Glutathione synthetase (GS) deficiency is a chronic life-threatening disorder. Regular follow-up with a metabolic diseases specialist is indicated. All patients should be encouraged to wear a medical alert bracelet or necklace.



Transfer to a center where metabolic diseases specialists are available may be indicated.



Because accumulation of 5-oxoproline occurs in all body fluids, especially the urine, of affected individuals, the possibility of prenatal diagnosis with amniotic fluid was realized; most of this fluid is from fetal urine after the first trimester. Measurement of reduced glutathione synthetase activity can also be measured in fetal cells in the amniotic fluid.

In 1994, two pregnancies of two at-risk couples were studied at 16 weeks' gestation. [4] In both cases, the levels of 5-oxoproline were 25-30 times reference range values. Both pregnancies were terminated, and the diagnosis was confirmed in one case by cultured fetal fibroblast enzyme analysis.

Today, prenatal counseling and testing is recommended for any family with a history of glutathione synthetase deficiency. In cases in which the two pathogenic mutations have already been identified in the affected individual, the at-risk pregnancy can then be tested via genetic mutation analysis. Preimplantation genetic diagnosis is also an option for these families. Carrier testing can also be offered to at-risk individuals so that risks to children can be determined.

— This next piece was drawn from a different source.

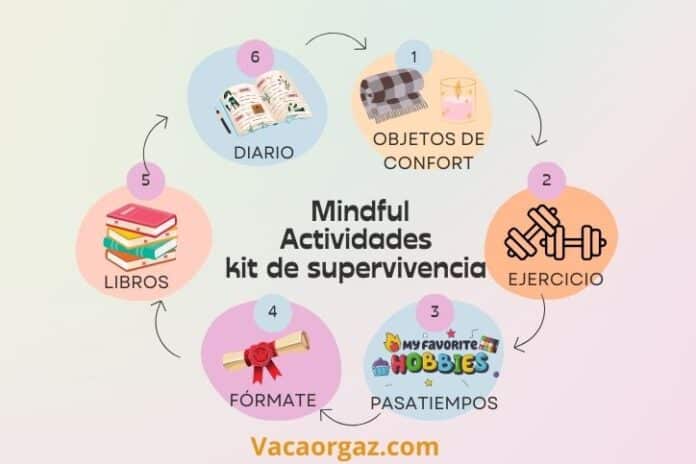 Kit de emergencia salud mental
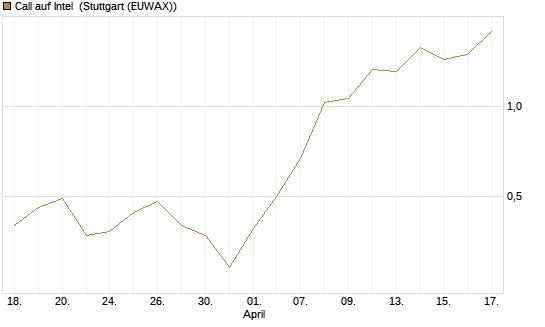 Call auf Intel [J.P. Morgan Structured Products B.V.] Chart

In the systemic form, chronic metabolic acidosis must be treated, but long-term prognosis is guarded. The lack of glutathione in erythrocytes alone is apparently tolerable, as has been noted with the peripheral form of this condition; however, in severe glutathione synthetase, a progressive loss of function occurs, leading to severe mental retardation, ataxia, and seizure disorders.

The oldest reported survivor of severe glutathione synthetase was aged 24 years and had experienced significant neurological deterioration over the previous few years. Older children with mild and moderate forms who are doing well have been reported.